- **What the exercise asks**: Starting with the first line, output the data exactly through to the end.

Entries taken from a collection:
■ ■ ■

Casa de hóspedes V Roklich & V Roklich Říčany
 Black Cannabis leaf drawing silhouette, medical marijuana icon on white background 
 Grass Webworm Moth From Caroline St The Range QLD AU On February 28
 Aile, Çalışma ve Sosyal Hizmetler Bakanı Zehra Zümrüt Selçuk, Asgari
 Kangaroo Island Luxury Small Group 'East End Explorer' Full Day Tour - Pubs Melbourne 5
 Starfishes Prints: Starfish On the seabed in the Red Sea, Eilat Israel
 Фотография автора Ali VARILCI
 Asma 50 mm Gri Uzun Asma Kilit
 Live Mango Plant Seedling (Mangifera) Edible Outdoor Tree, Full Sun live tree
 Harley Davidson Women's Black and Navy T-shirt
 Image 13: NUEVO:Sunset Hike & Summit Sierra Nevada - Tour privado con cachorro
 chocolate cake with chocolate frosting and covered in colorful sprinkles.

■ ■ ■

- **Written response**:
Casa de hóspedes V Roklich & V Roklich Říčany
 Black Cannabis leaf drawing silhouette, medical marijuana icon on white background 
 Grass Webworm Moth From Caroline St The Range QLD AU On February 28
 Aile, Çalışma ve Sosyal Hizmetler Bakanı Zehra Zümrüt Selçuk, Asgari
 Kangaroo Island Luxury Small Group 'East End Explorer' Full Day Tour - Pubs Melbourne 5
 Starfishes Prints: Starfish On the seabed in the Red Sea, Eilat Israel
 Фотография автора Ali VARILCI
 Asma 50 mm Gri Uzun Asma Kilit
 Live Mango Plant Seedling (Mangifera) Edible Outdoor Tree, Full Sun live tree
 Harley Davidson Women's Black and Navy T-shirt
 Image 13: NUEVO:Sunset Hike & Summit Sierra Nevada - Tour privado con cachorro
 chocolate cake with chocolate frosting and covered in colorful sprinkles.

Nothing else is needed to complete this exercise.